In 1948, the County, enacted §§ 6-24.0, 6-25.0 and 6-26.0 of the Administrative Code and amended, inter alia, § 606 (formerly § 607) of the County Charter. More specifically, "[i]n view of the establishment of the County Board of Assessors whose members are charged with the duty of preparing the assessment rolls and extending the taxes," the County deemed it to be "in the best interests of the County" that § 606 be amended to provide that "any surplus existing or hereinafter arising from taxes in excess of the amount raised for the adopted budgets shall be credited to the County, and any deficiencies existing or hereinafter arising from the extension of taxes for the adopted budgets shall be a County charge" (see Exhibit B of the petitioners/plaintiffs Baldwin Union Free School District, et al.).
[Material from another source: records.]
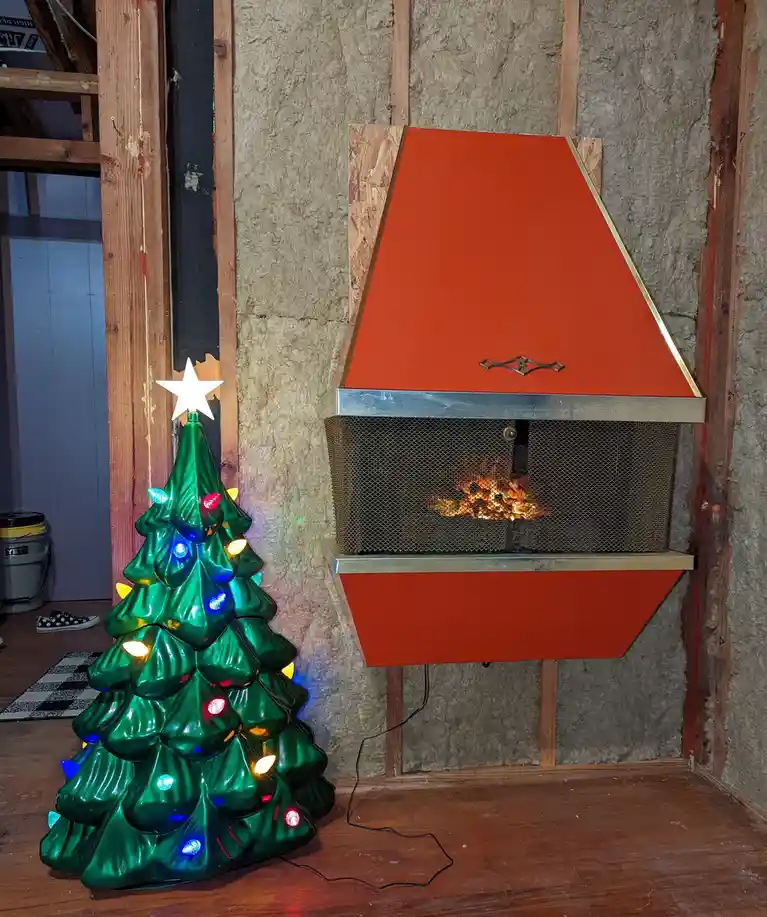 A small, green, plastic Christmas tree with colorful lights and a white star on top stands next to a modern, red-orange…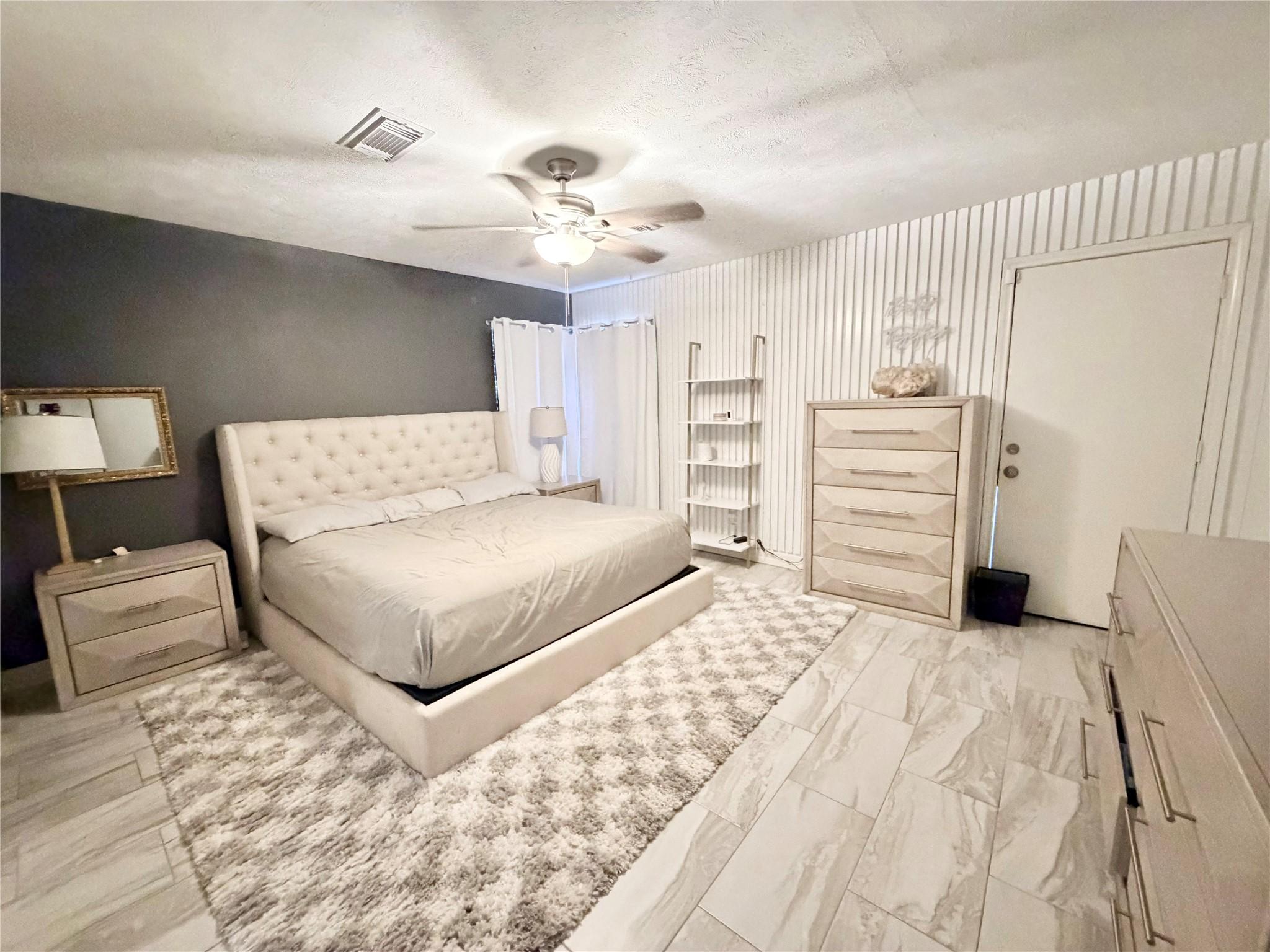 Image 2: Spacious bedroom with a modern design, featuring a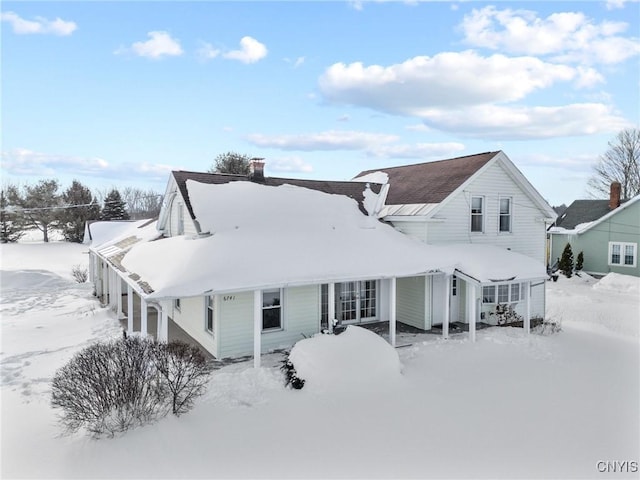 view of snow covered rear of property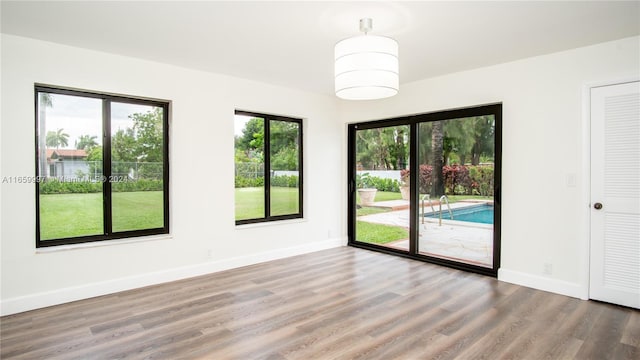 spare room featuring baseboards and wood finished floors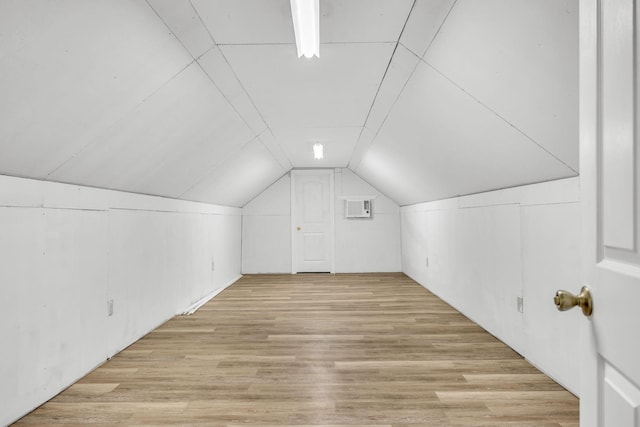 additional living space with light hardwood / wood-style flooring and lofted ceiling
On October 29, 2010 the County Legislature adopted Local Law No. 18, of 2010, entitled "The Common Sense Act of 2010" (see Exhibit A of the petitioners/plaintiffs Town of North Hempstead, et al), to repeal and replace §§ 6-24.0, 6-25.0 and 6-26.0 and portions of County Charter § 606. The law was subsequently approved by the County Executive on November 3, 2010. The petitioners/plaintiffs Baldwin Union Free School District, et al. (Index No. 3280/11), Town of North Hempstead, et al. (Index No. 4381/11) and plaintiffs Barbara Hafner and Linda Weiner (Index No. 4193/11) commenced these challenges, seeking to reverse and annul the law and declare it a nullity. Issue was joined with the service of the County's Verified Answers and objections in point of law. The County also moved, pursuant to CPLR 3211 (a)(3) and (7), to dismiss Ms. Hafner and Ms. Weiner's complaint due to an alleged lack of standing and failure to state a cause of action. The proceedings were joined for trial (see CPLR § 602) in accordance with a so-ordered stipulation (Adams, J.).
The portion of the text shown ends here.